--- Records to use ---

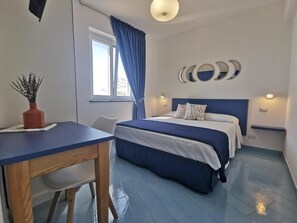 Double Room, 1 Queen Bed, Private Bathroom, Sea View | Desk, free WiFi - Lena Magda B&B (Campania)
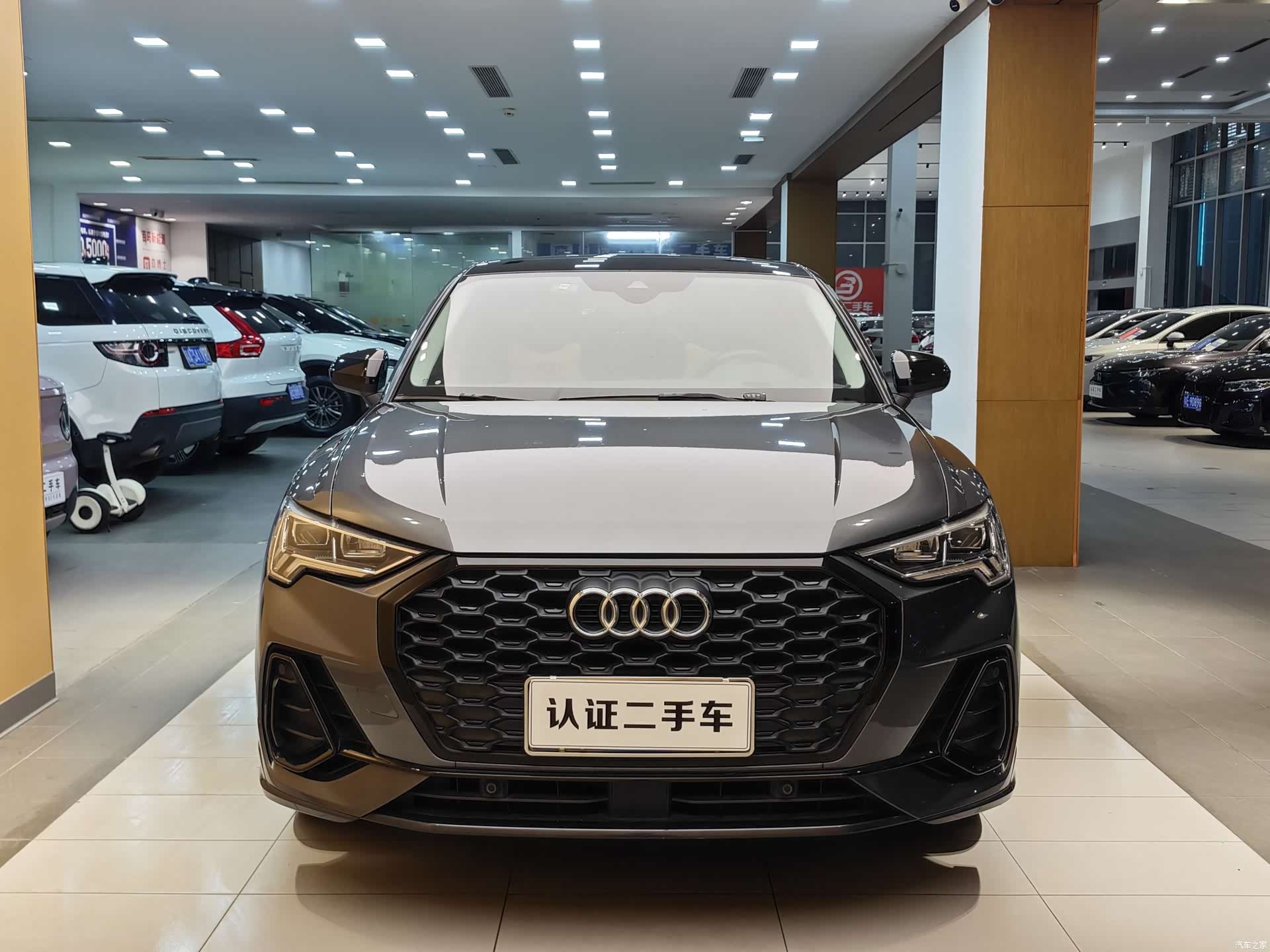 Audi Q3, 2021 4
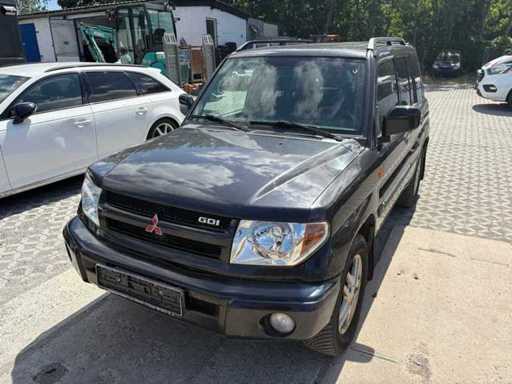 Voiture SUV Mitsubishi Pajero 2004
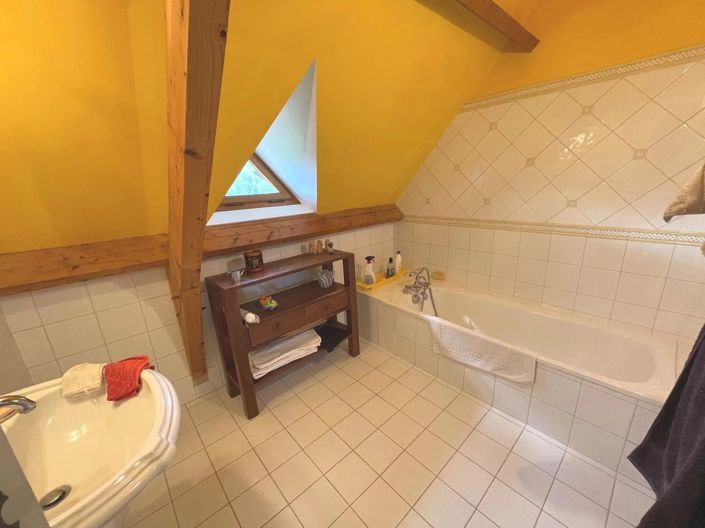 Image No.8-4 Bed House for sale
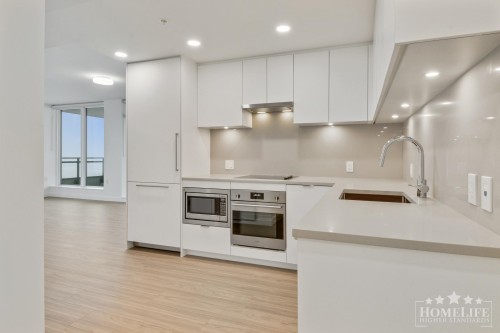 2908-13675 107A Avenue, Surrey, BC 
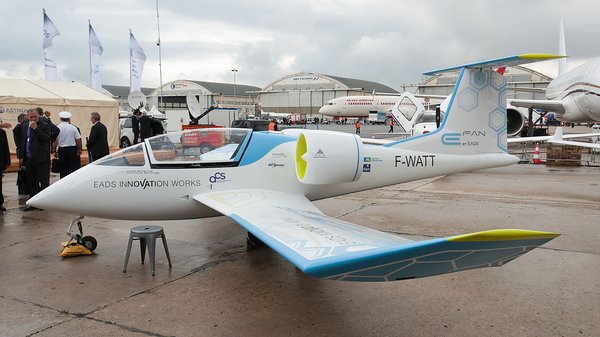 CrossOver_Air's tweet photo. Fuel-Free Flight: The State of Electric Airplanes

https://t.co/9RzSWMkwY0

#ElectricAirplanes #ElectricFlight https://t.co/BZHljPzDiW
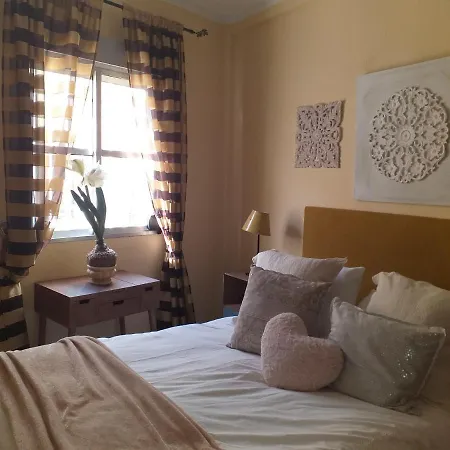 Romantic With Free Parking Apartment Sevilla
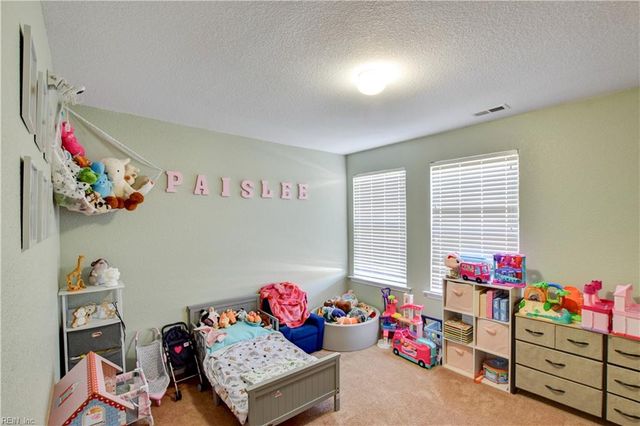 5268 Jones LN, Chesapeake, VA 23320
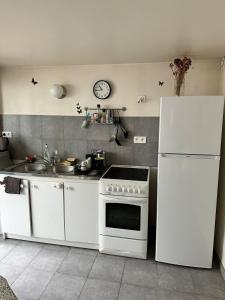Petite maison calme dans un jardin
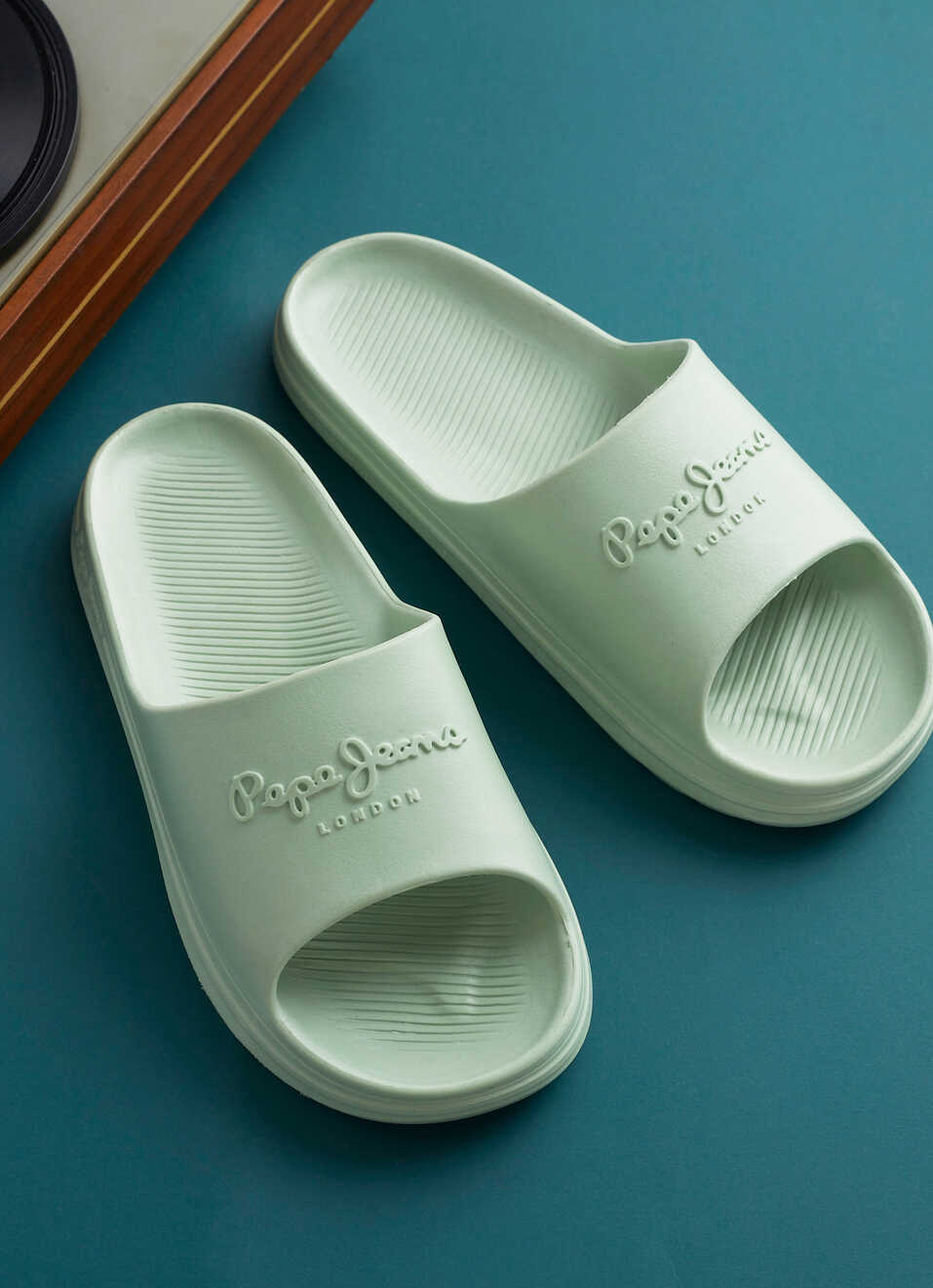Men Pistachio Green Classic Logo Lightweight Slides, , large image number 0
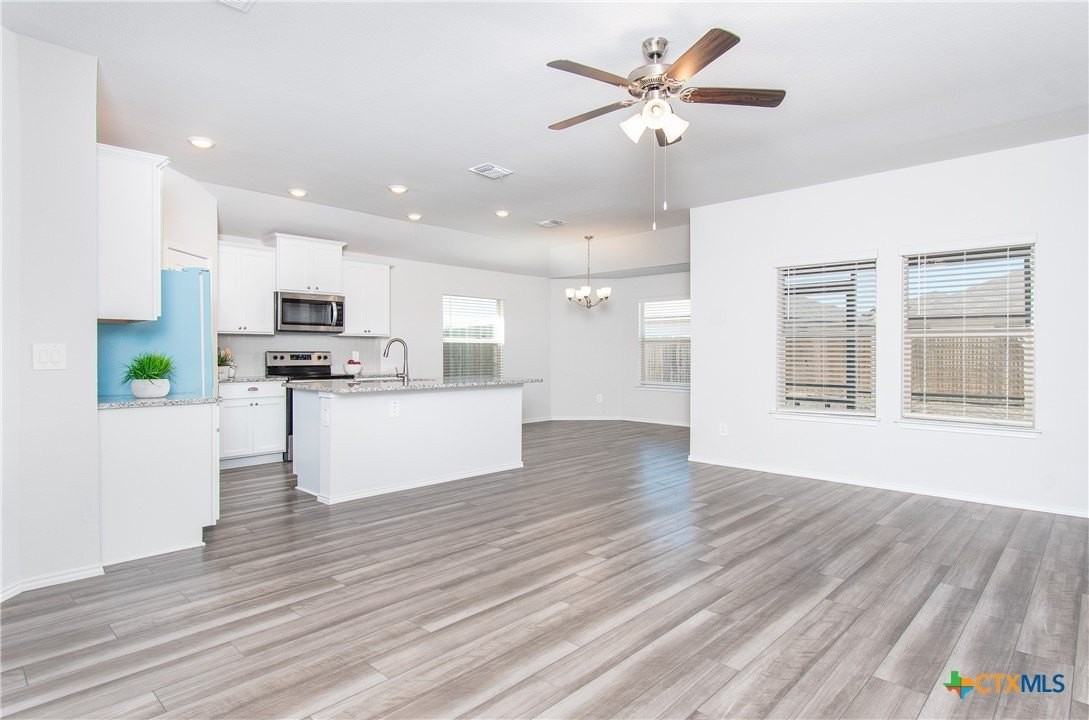 2353 Aylesbury Dr - Photo 3 of 25
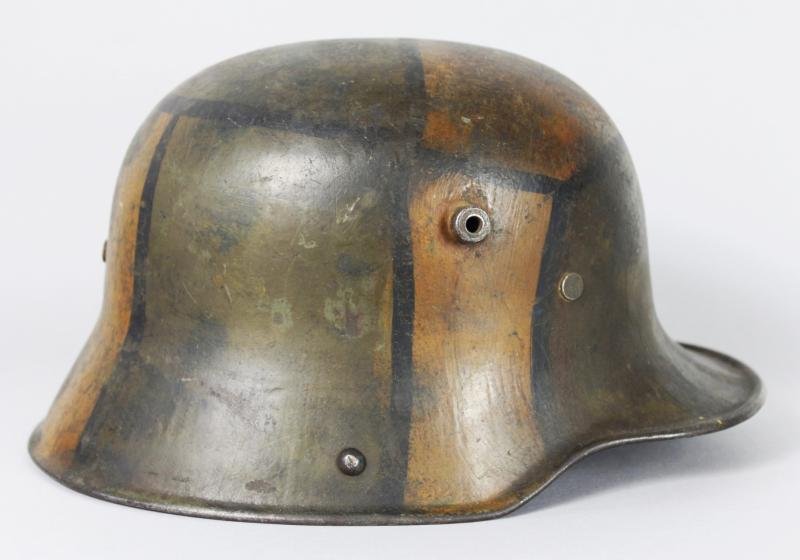 WW1 German M16 Camouflage Helmet — image 2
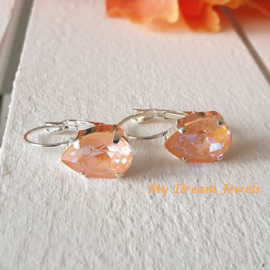Oorbellen Belle met Swarovski Druppel "Crystal Peach Delite"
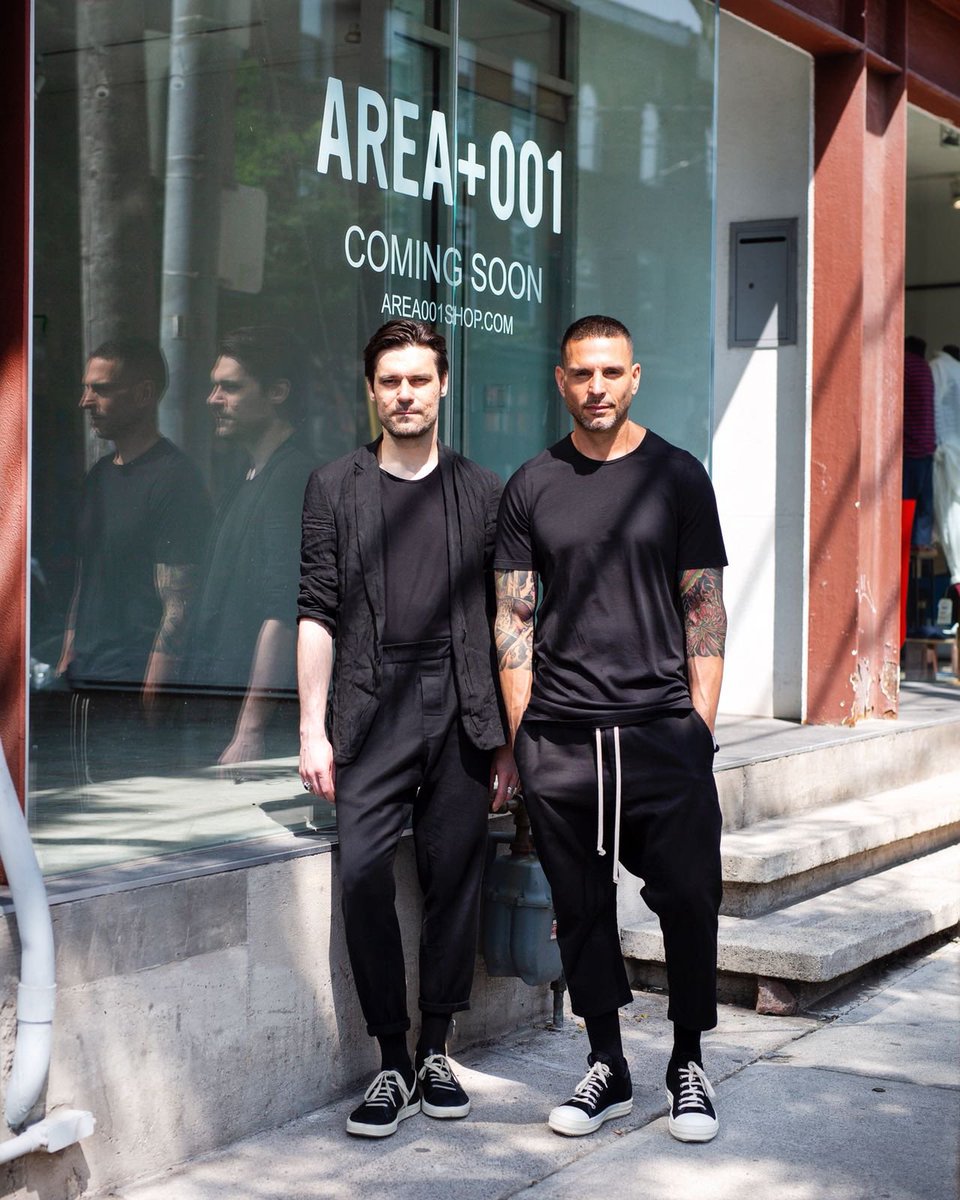 Sergio_Cult's tweet image. Celebrating 5 incredible years of AREA+001. Thank you to everyone who has joined us from the beginning and throughout. You are all greatly appreciated. 
#Area001 #Toronto #Fashion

---

■ Problem statement:
Would you set down every line of the data above exactly, skipping the pictures?

■ Exercise result:
 Double Room, 1 Queen Bed, Private Bathroom, Sea View | Desk, free WiFi - Lena Magda B&B (Campania)
 Audi Q3, 2021 4
 Voiture SUV Mitsubishi Pajero 2004
 Image No.8-4 Bed House for sale
 2908-13675 107A Avenue, Surrey, BC 
 CrossOver_Air's tweet photo. Fuel-Free Flight: The State of Electric Airplanes

https://t.co/9RzSWMkwY0

#ElectricAirplanes #ElectricFlight https://t.co/BZHljPzDiW
 Romantic With Free Parking Apartment Sevilla
 5268 Jones LN, Chesapeake, VA 23320
Petite maison calme dans un jardin
Men Pistachio Green Classic Logo Lightweight Slides, , large image number 0
 2353 Aylesbury Dr - Photo 3 of 25
 WW1 German M16 Camouflage Helmet — image 2
Oorbellen Belle met Swarovski Druppel "Crystal Peach Delite"
 Sergio_Cult's tweet image. Celebrating 5 incredible years of AREA+001. Thank you to everyone who has joined us from the beginning and throughout. You are all greatly appreciated. 
#Area001 #Toronto #Fashion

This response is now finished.